• [Your instructions]:
For this exercise, restate word for word only the lines from the one containing "Hinten Splitter Audi" through the last line below. Pictures do not get copied.
[[ Records supplied, beginning ]]
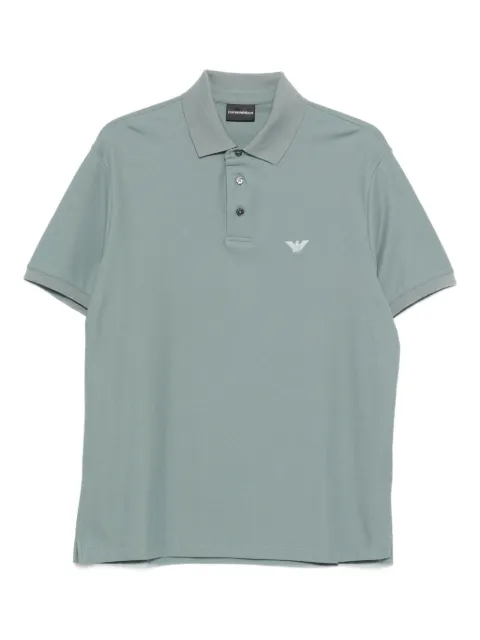 Emporio Armani blue polo shirt Blue EM005358AF10497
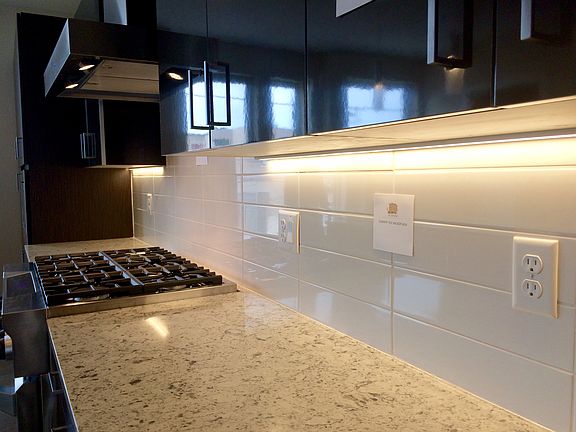 Glass Backsplash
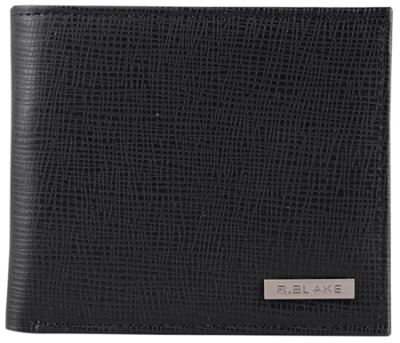 Зажим для купюр R.Blake Advocate Denton кожа черный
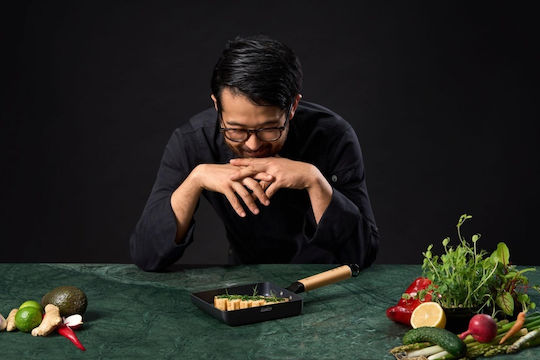 Heinner Rikito Watanabe Тиган от Алуминий с Незалепващо Покритие 15 см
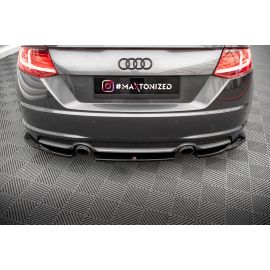 Hinten Splitter Audi TT RS / TT S / TT S-Line 8S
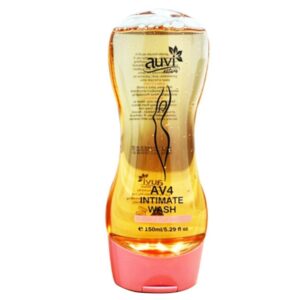 Gel vệ sinh phụ nữ Auvi Nature AV4 Intimate Wash 150ml giúp làm sạch vùng kín, giảm viêm và ngứa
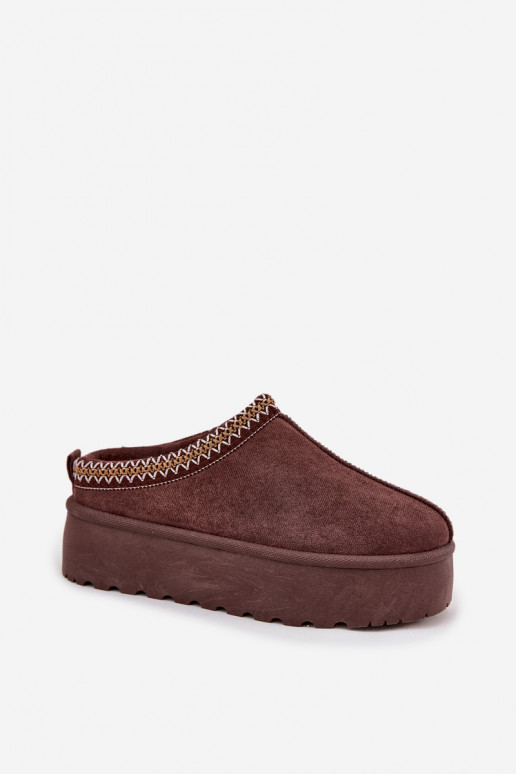Schneestiefel Feminin Mit Dekorationen Haftem CzekoladoZue Jenira Schneestiefel Feminin Mit Dekorationen Haftem CzekoladoZue Jenira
[[ Records supplied, end ]]
• [Response area]:
 Hinten Splitter Audi TT RS / TT S / TT S-Line 8S
 Gel vệ sinh phụ nữ Auvi Nature AV4 Intimate Wash 150ml giúp làm sạch vùng kín, giảm viêm và ngứa
Schneestiefel Feminin Mit Dekorationen Haftem CzekoladoZue Jenira Schneestiefel Feminin Mit Dekorationen Haftem CzekoladoZue Jenira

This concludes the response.